Row crop agriculture in California's San Joaquin Valley is a major contributor of particulate matter <10 μm in aerodynamic diameter (PM 10 ). The California Air Resources Board uses fixed PM 10 emission values for various tillage operations to monitor and design attainment strategies. However, fixed emission values do not reflect emissions produced by a single implement operating under different soil conditions. This 2‐yr study evaluated how PM 10 mass concentrations (μg L −1 ) from disking change as a function of gravimetric soil water content (GWC), number of sequential diskings (D1, D2, D3), and the soil's weighted mean ped diameter (WMPD).

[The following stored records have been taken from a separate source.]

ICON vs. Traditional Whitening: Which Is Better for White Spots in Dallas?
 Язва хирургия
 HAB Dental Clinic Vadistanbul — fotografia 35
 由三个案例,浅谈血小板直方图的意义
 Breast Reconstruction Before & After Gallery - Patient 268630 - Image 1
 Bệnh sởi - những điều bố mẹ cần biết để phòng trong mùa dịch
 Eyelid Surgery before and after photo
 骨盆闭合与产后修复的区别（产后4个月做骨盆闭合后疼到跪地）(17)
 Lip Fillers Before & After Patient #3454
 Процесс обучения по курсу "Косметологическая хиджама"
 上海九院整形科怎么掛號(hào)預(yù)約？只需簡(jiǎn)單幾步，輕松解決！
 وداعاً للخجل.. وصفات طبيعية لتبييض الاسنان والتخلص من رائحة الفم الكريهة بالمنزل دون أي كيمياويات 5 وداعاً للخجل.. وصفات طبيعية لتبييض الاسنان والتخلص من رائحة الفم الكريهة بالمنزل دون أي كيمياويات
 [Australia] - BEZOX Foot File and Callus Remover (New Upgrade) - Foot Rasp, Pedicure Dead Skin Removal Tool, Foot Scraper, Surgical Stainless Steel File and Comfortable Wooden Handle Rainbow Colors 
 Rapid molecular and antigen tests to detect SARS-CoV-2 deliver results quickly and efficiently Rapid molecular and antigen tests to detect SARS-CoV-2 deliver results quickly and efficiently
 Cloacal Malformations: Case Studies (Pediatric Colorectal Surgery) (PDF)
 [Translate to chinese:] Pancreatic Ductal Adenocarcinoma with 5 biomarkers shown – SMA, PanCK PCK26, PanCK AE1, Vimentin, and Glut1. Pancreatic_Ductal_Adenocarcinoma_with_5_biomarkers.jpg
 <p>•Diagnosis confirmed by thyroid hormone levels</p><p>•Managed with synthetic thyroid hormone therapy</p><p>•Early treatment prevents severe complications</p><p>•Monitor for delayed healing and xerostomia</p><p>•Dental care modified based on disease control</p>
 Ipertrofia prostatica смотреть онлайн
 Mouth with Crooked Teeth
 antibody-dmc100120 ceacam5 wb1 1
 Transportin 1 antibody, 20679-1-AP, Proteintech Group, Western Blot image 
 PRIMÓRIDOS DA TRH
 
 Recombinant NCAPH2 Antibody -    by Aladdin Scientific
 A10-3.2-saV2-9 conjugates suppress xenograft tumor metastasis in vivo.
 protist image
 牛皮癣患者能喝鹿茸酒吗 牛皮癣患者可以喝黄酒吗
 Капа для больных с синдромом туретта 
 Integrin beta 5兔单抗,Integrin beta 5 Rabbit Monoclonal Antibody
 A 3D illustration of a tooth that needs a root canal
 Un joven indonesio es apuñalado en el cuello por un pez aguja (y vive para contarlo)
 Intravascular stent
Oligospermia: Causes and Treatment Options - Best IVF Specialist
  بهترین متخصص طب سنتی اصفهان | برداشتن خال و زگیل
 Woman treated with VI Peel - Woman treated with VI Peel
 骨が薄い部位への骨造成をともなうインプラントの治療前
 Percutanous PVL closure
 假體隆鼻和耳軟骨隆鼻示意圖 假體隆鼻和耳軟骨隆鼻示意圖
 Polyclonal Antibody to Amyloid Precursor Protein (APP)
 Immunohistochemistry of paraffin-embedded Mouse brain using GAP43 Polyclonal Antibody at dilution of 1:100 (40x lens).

Results showed PM 10 increased logarithmically as the soil dried from a GWC of 14 to 4%. Average PM 10 values at the lower GWCs were six to eight times greater than at the higher GWCs. Number of diskings also increased PM 10 , especially in drier soil. Below a GWC of 7%, PM 10 for D3 was about twice that for D1. Despite strong correlations between more disking and lower WMPD, a lower WMPD did not always result in an increase in PM 10 This underscored the role soil water plays in reducing PM 10 at high GWCs despite low WMPDs from multiple diskings. Three‐way interactions between GWC, disking, and PM 10 showed, on average, that the magnitude of PM 10 produced by D1 was 1.3 to 1.6 times lower than by D3, despite having insignificantly different GWC. Therefore, a disking operation can yield two different PM 10 values under similar GWCs if the amount of soil disaggregation is different. Our results show that inclusion of soil parameters in PM 10 emission estimates is essential to describing agriculture's role in air quality violations and to assess the value of proposed mitigation measures, such as conservation tillage.